Study material:
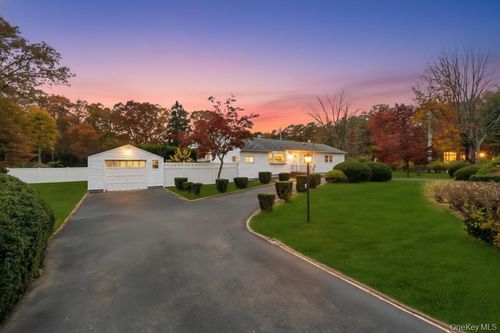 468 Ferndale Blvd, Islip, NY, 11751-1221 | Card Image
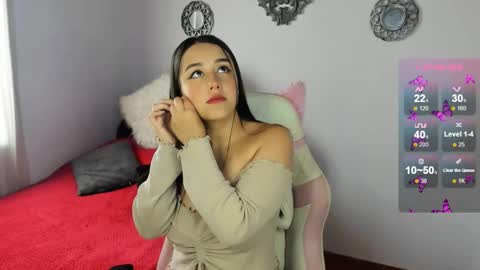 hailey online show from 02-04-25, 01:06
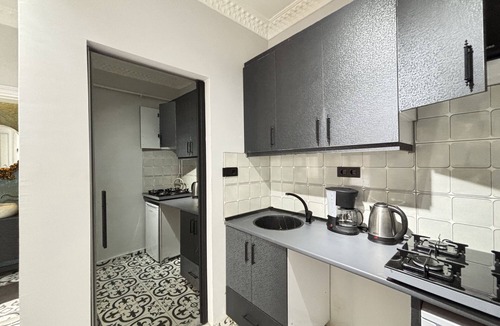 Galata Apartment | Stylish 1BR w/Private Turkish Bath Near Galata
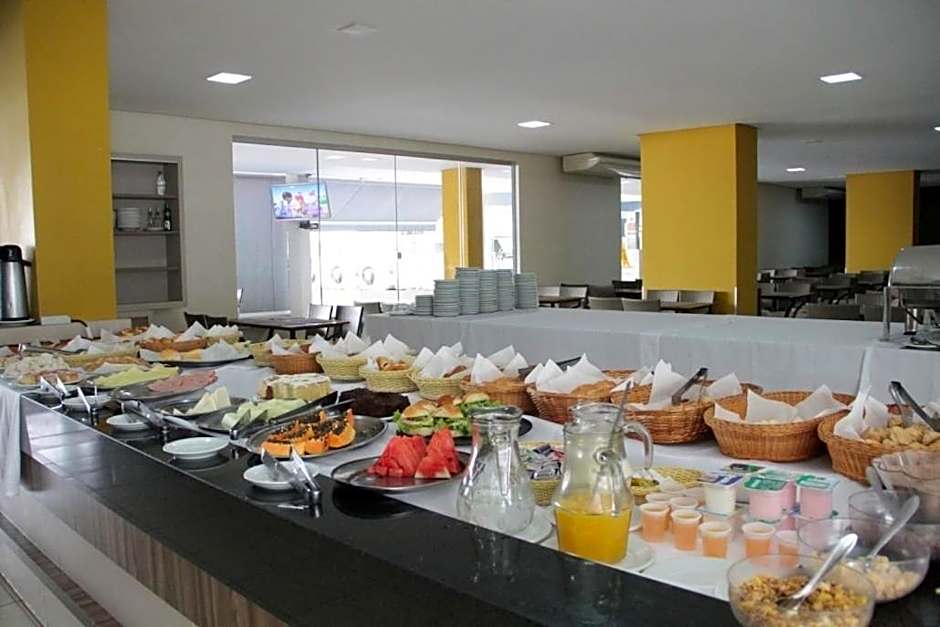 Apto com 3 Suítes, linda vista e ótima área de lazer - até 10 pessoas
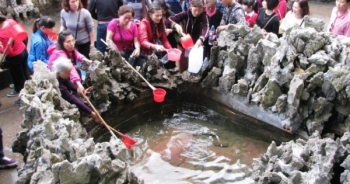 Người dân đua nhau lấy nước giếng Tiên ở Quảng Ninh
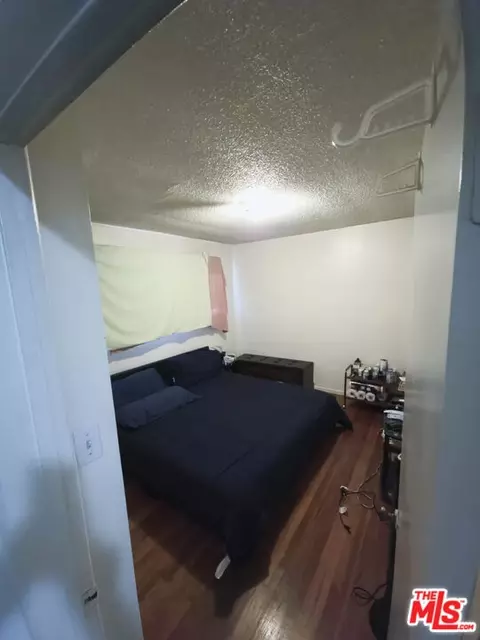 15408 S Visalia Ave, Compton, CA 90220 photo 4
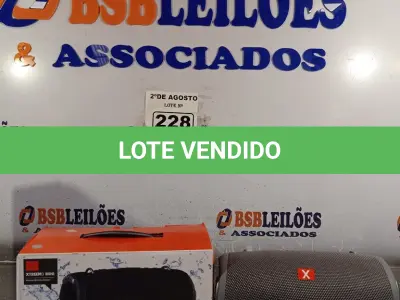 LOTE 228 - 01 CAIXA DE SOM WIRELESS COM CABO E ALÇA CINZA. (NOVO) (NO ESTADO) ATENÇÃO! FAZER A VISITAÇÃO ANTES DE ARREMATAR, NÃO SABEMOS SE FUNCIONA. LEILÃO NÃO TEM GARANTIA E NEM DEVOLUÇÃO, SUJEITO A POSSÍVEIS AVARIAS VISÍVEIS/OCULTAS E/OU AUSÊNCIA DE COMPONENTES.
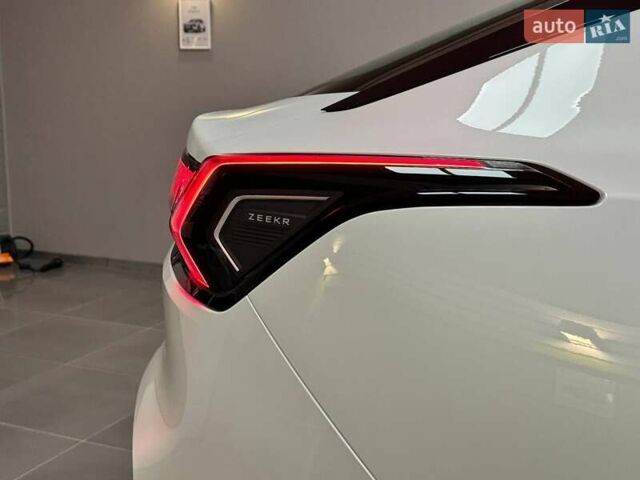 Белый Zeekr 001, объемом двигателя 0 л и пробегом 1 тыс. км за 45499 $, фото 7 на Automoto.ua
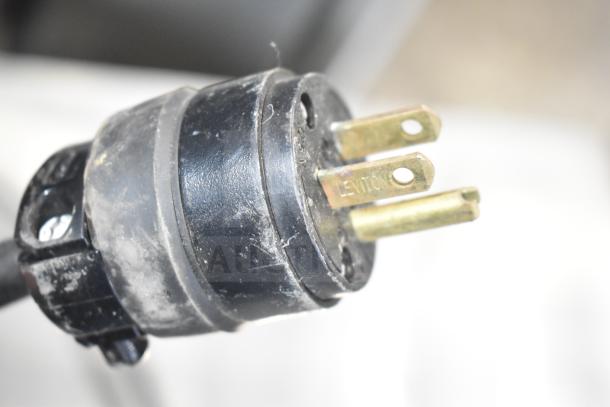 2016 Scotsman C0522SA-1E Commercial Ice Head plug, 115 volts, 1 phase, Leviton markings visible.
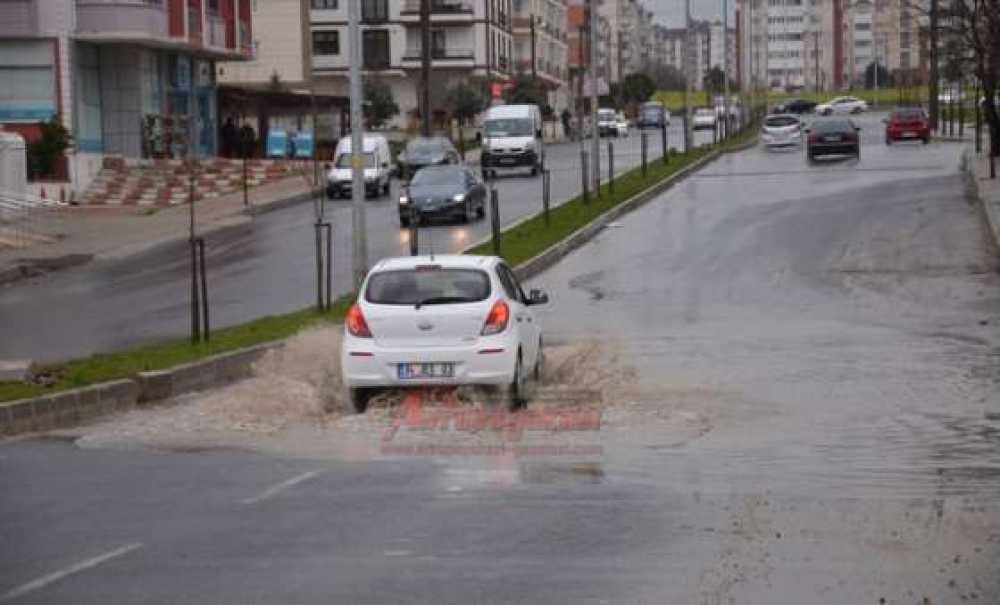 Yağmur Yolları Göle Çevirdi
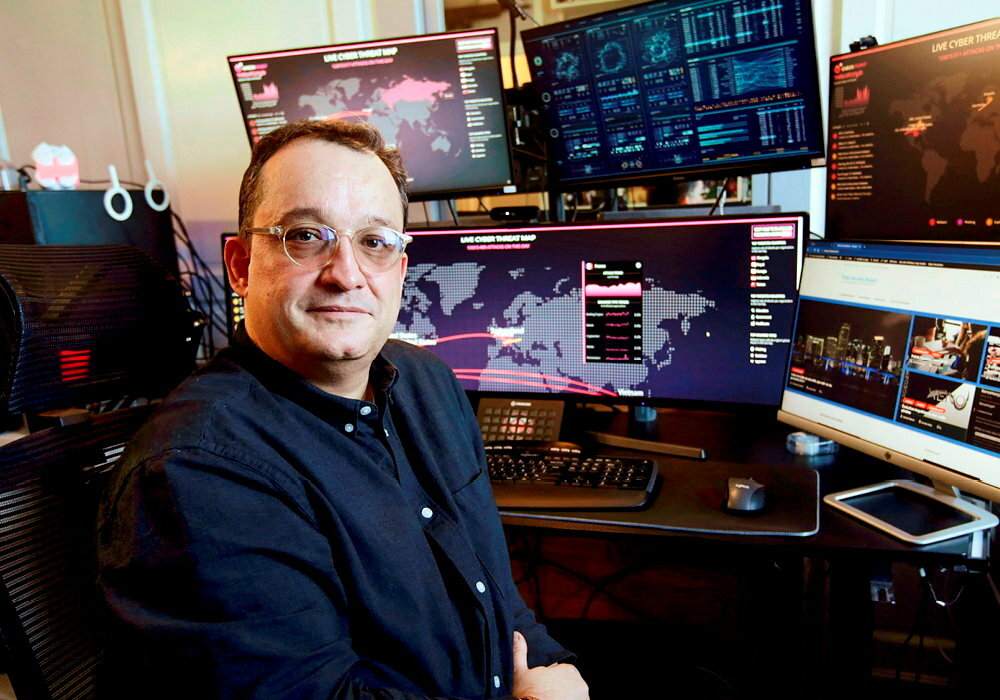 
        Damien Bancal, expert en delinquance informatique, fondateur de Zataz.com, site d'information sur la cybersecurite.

Problem details:
All lines above from the one containing "Người dân đua" up to and including the one containing "Yağmur Yolları Göle Çevirdi" are to be set down exactly, and nothing else. Leave images out.

Solution to the problem:
 Người dân đua nhau lấy nước giếng Tiên ở Quảng Ninh
 15408 S Visalia Ave, Compton, CA 90220 photo 4
 LOTE 228 - 01 CAIXA DE SOM WIRELESS COM CABO E ALÇA CINZA. (NOVO) (NO ESTADO) ATENÇÃO! FAZER A VISITAÇÃO ANTES DE ARREMATAR, NÃO SABEMOS SE FUNCIONA. LEILÃO NÃO TEM GARANTIA E NEM DEVOLUÇÃO, SUJEITO A POSSÍVEIS AVARIAS VISÍVEIS/OCULTAS E/OU AUSÊNCIA DE COMPONENTES.
 Белый Zeekr 001, объемом двигателя 0 л и пробегом 1 тыс. км за 45499 $, фото 7 на Automoto.ua
 2016 Scotsman C0522SA-1E Commercial Ice Head plug, 115 volts, 1 phase, Leviton markings visible.
 Yağmur Yolları Göle Çevirdi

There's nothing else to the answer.